■ ASSIGNMENT ■
From the line with "Solitary Pleasures Framed" through the line with "جاکلیدی مخملی سگ شال گردن دار", repeat the entries verbatim, both end lines included, and add nothing.

[Short web captions]
────────────────────────────────────────

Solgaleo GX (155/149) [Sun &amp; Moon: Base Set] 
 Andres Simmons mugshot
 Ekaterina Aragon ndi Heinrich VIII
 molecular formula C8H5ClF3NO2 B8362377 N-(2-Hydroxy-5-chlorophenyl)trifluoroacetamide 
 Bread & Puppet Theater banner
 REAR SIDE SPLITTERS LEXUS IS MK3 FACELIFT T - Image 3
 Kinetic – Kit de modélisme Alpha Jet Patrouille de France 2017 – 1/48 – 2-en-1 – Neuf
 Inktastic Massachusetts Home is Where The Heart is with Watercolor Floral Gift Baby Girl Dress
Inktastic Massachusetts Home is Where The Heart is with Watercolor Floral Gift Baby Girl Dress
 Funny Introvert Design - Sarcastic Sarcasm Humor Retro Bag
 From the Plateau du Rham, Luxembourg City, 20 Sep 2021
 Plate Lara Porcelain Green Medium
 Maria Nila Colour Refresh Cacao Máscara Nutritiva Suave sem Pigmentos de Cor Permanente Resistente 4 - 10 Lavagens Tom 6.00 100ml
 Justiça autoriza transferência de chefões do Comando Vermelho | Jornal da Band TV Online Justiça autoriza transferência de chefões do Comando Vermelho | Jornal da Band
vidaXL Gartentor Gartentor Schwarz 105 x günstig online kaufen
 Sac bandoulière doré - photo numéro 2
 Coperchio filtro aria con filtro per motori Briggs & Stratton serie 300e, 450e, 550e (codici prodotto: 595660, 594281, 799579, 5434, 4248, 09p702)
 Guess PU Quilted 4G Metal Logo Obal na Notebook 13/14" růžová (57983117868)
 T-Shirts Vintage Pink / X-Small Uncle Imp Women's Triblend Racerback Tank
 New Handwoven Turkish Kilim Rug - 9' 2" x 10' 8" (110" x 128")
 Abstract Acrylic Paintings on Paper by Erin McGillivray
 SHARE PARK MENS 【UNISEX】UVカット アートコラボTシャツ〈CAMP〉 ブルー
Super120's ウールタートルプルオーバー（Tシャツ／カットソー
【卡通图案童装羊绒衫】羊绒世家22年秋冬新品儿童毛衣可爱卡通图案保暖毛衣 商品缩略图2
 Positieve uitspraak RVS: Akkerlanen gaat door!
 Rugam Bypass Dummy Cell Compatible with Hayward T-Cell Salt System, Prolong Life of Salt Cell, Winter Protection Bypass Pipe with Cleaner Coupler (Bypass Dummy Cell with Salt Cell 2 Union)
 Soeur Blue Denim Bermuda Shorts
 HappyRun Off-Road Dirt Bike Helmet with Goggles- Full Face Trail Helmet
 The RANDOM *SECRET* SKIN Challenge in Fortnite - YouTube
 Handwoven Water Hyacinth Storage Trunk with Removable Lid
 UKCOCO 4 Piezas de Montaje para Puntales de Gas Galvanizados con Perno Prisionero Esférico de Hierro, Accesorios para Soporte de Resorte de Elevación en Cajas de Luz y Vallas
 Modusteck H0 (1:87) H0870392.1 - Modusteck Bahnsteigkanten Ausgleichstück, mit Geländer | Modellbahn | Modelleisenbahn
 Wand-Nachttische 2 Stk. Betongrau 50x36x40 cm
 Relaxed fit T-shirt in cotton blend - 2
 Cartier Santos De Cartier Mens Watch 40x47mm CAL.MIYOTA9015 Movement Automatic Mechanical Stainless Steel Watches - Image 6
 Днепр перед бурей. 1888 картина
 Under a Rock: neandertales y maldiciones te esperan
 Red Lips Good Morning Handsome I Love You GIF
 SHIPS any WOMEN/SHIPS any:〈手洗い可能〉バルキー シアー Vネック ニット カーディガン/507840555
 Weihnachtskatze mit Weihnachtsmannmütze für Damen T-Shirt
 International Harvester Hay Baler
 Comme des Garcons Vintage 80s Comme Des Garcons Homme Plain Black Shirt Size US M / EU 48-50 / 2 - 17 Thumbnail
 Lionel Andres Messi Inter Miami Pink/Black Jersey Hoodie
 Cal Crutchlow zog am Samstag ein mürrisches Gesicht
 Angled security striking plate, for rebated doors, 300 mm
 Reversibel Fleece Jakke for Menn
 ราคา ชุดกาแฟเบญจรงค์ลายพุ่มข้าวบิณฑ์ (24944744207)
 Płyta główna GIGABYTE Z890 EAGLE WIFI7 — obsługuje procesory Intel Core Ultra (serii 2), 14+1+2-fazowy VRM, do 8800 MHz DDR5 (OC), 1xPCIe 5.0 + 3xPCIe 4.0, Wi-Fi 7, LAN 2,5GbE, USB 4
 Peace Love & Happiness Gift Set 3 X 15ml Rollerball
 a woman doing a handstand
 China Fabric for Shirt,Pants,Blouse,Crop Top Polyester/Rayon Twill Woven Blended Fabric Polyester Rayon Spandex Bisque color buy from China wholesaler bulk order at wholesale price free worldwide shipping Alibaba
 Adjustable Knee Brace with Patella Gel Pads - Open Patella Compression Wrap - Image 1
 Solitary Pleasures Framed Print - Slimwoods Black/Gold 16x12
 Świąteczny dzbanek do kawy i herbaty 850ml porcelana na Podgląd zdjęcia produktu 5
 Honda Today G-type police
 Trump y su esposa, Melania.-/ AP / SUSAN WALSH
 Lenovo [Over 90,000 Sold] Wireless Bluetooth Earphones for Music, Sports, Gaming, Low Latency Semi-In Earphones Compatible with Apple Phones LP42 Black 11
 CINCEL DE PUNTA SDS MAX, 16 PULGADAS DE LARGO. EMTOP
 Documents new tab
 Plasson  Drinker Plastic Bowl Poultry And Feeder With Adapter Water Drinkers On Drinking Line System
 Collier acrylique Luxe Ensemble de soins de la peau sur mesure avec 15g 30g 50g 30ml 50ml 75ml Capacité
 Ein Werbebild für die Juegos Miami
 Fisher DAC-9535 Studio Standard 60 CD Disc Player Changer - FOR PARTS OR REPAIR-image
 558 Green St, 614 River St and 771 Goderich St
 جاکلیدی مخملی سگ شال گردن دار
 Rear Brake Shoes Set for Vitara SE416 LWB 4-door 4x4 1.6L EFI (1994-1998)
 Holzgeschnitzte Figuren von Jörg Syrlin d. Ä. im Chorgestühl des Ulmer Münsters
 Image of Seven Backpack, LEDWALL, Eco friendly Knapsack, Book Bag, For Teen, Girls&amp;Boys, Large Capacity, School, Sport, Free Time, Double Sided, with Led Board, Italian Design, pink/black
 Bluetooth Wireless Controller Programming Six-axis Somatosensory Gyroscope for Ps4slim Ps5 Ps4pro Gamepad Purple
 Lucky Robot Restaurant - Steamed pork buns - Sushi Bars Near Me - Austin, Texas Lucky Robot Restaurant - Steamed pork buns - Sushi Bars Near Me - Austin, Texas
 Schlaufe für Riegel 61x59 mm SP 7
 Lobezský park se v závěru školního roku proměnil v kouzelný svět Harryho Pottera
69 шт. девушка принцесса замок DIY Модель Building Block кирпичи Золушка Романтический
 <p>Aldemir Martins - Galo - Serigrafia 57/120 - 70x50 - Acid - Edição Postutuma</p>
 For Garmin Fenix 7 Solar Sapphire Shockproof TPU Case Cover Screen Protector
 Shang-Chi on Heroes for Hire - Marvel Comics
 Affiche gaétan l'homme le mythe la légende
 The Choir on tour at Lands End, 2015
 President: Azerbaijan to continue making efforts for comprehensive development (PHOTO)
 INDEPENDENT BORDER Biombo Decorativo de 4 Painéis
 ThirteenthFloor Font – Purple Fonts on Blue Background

────────────────────────────────────────

■ ANSWER BOX ■
 Solitary Pleasures Framed Print - Slimwoods Black/Gold 16x12
 Świąteczny dzbanek do kawy i herbaty 850ml porcelana na Podgląd zdjęcia produktu 5
 Honda Today G-type police
 Trump y su esposa, Melania.-/ AP / SUSAN WALSH
 Lenovo [Over 90,000 Sold] Wireless Bluetooth Earphones for Music, Sports, Gaming, Low Latency Semi-In Earphones Compatible with Apple Phones LP42 Black 11
 CINCEL DE PUNTA SDS MAX, 16 PULGADAS DE LARGO. EMTOP
 Documents new tab
 Plasson  Drinker Plastic Bowl Poultry And Feeder With Adapter Water Drinkers On Drinking Line System
 Collier acrylique Luxe Ensemble de soins de la peau sur mesure avec 15g 30g 50g 30ml 50ml 75ml Capacité
 Ein Werbebild für die Juegos Miami
 Fisher DAC-9535 Studio Standard 60 CD Disc Player Changer - FOR PARTS OR REPAIR-image
 558 Green St, 614 River St and 771 Goderich St
 جاکلیدی مخملی سگ شال گردن دار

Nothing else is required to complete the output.